Fantastic article! Great information and very well written. Nice job Paul and thanks for taking time to write this.
very enlightening, great article, thx for the update!
But are Azure Groups the same as Office 365 groups?
If you “Enable Office features” when creating the group, then yes that is an Office 365 Group (big G).
Does the group have different store than user mailboxes.
Mails sent to Groups are stored separately than user mailbox?
The Group mailbox is a separate mailbox. But if you’re “subscribed” to the Group mailbox, you get a copy of the same emails in your own mailbox as well.
For group name convention and create permission you need AAD P1 does this require 1 AAD P1 license? Or do all users need a license?
From the information I have right now, it seems that all users will need a license for you to use those features.
Curious how they will check this this because the admin configures a name’ing convention , what happens when a user creates a group without having a license. Same applies for group creation permission.

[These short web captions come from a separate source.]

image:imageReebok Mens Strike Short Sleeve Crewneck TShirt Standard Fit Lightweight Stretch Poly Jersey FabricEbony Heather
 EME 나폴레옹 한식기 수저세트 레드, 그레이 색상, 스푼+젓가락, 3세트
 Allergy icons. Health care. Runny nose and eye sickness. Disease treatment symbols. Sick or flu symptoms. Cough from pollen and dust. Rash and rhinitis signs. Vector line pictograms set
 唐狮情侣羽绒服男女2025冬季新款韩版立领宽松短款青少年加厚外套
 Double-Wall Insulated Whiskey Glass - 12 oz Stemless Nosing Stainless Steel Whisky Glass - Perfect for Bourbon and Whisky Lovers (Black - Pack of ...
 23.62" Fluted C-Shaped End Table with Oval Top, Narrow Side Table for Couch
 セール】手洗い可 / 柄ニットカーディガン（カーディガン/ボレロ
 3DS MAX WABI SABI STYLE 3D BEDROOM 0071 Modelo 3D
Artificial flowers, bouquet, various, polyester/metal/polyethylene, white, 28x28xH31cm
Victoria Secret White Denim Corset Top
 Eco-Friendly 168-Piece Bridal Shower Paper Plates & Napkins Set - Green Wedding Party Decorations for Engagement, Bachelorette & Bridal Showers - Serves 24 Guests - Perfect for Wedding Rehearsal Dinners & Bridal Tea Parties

Sure you can disregard it and purchase 1 license, and MS might not check. But you would not be license compliant.
Groups blindsided many an administrator in the first place, so arguably, preventing users from creating groups should have been the default situation. Now to take that control away, is again going to blindside many.
The nature of Office 365 is becoming more and more that of one great big beta.
Great article again and absolutely agree. I hope they will reconsider because these kind of moves will make me promote on-premises deployments for my customers all the more.